The service argued that its postal inspectors had qualified immunity as government officials against charges of malicious prosecution and of retaliatory inducement to prosecution. It said a reasonable official could have believed there was probable cause to prosecute William Moore for conspiring to bribe an official of the agency's Board of Governors about 30 years ago.

Moore was the chief executive of Recognition Equipment Inc. (REI) in the early 1980s as it pursed a contract to sell multiple-line optical character readers to the Postal Service to read addresses. The service was leaning toward a rival technology using a single-line scanner to read the newly introducing "zip+4" nine-digit zip codes.

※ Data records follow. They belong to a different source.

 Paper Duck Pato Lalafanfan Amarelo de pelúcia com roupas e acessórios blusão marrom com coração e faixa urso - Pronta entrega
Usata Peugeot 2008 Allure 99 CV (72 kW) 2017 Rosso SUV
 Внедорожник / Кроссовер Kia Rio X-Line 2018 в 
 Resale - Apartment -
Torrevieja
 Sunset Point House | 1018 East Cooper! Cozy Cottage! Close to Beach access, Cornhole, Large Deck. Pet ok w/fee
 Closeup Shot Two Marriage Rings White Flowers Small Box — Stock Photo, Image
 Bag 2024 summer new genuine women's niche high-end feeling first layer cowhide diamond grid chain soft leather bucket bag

Moore aggressively lobbied individual members of Congress and testified before congressional committees in opposition to the zip+4 codes before the then Postmaster General personally admonished him "to be quiet" on the issue.

REI then hired public relations firm Gnau and Associates to take over lobbying efforts, which were successful in shifting the Postal Service to multiple-line scanners.

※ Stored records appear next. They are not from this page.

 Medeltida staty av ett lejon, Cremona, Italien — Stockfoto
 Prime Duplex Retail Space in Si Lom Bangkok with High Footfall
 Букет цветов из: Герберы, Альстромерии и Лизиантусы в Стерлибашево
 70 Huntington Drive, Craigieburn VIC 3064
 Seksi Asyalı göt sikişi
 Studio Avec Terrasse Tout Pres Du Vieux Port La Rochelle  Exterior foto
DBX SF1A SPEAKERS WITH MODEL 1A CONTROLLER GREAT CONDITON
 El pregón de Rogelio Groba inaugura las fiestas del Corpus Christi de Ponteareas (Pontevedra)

But the service still awarded the scanner contract to an REI competitor, leading Moore to denounce the decision as retribution for his public criticism of the "zip+4" codes.

Postal inspectors discovered that Peter Voss, a member of its board of governors, had recommended Gnau and Associates to REI in exchange for a kickback.

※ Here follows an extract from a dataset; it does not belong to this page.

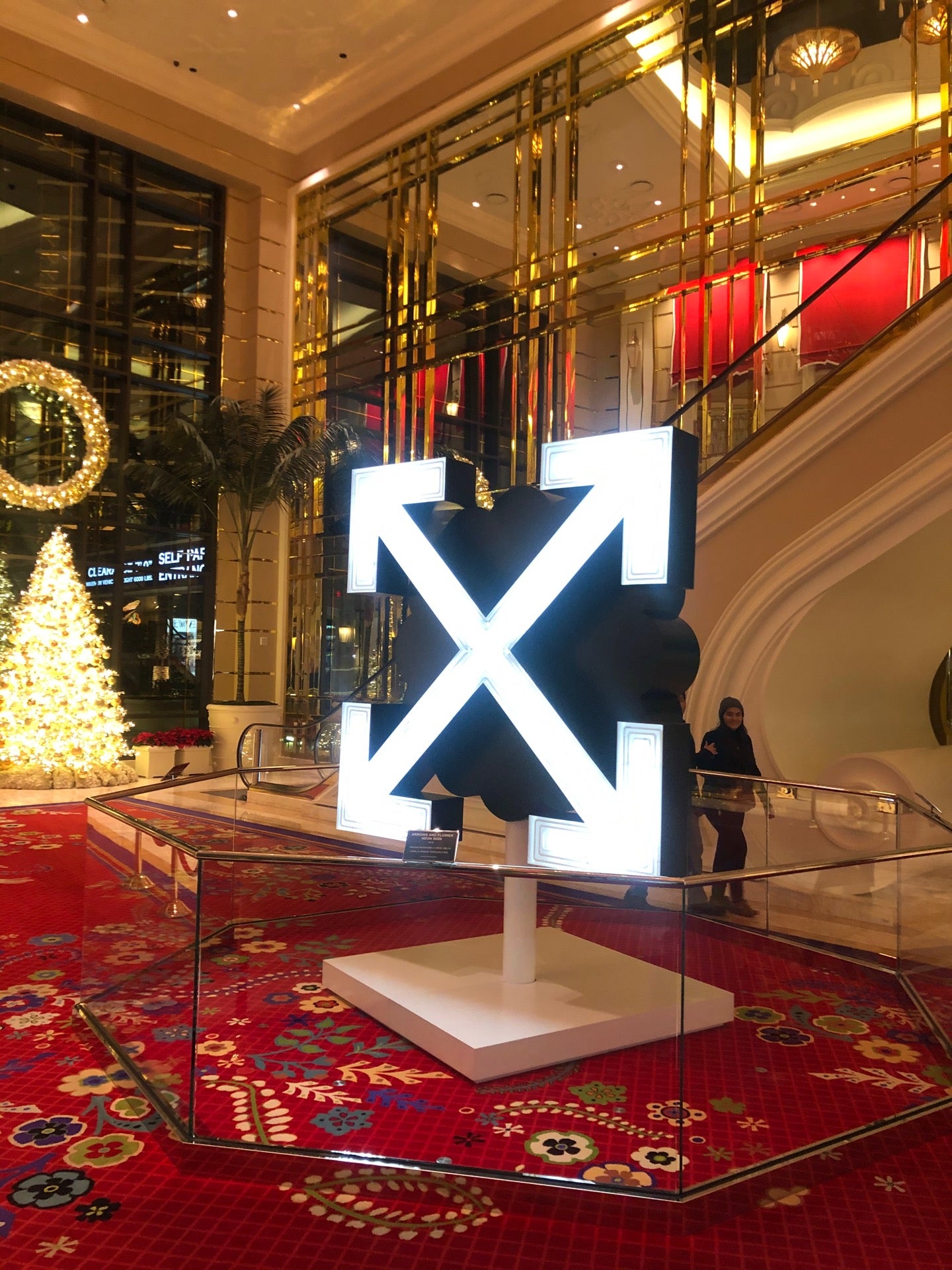 Louis Vuitton Las Vegas Wynn Men's (CLOSED), 3131 Las Vegas Blvd South,  Suite 115A, Las Vegas, NV, Clothing Retail - MapQuest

Voss and top executives at Gnau pleaded guilty to bribery charges while Moore and the vice president of REI were indicted on seven counts of fraud and theft.

Six weeks after Moore's bench trial began, before he mounted a defense, the court granted his motion for acquittal concluding that the government had failed to establish a prima facie case.

In 1991 Moore filed suit against the assistant U.S. attorney who prosecuted him and six postal inspectors alleging that they had violated his Fist, Fourth and Fifth Amendments rights, and had committed defamation, invasion of privacy, false arrest, abuse of process and malicious prosecution.

As Moore's case bounced between the various federal court channels, it set U.S. Supreme Court precedent for proving retaliatory inducement to prosecution. Moore had to show that the retaliatory intentions of a government agency - the Postal Service in this case - was the sole probable cause to bring the case.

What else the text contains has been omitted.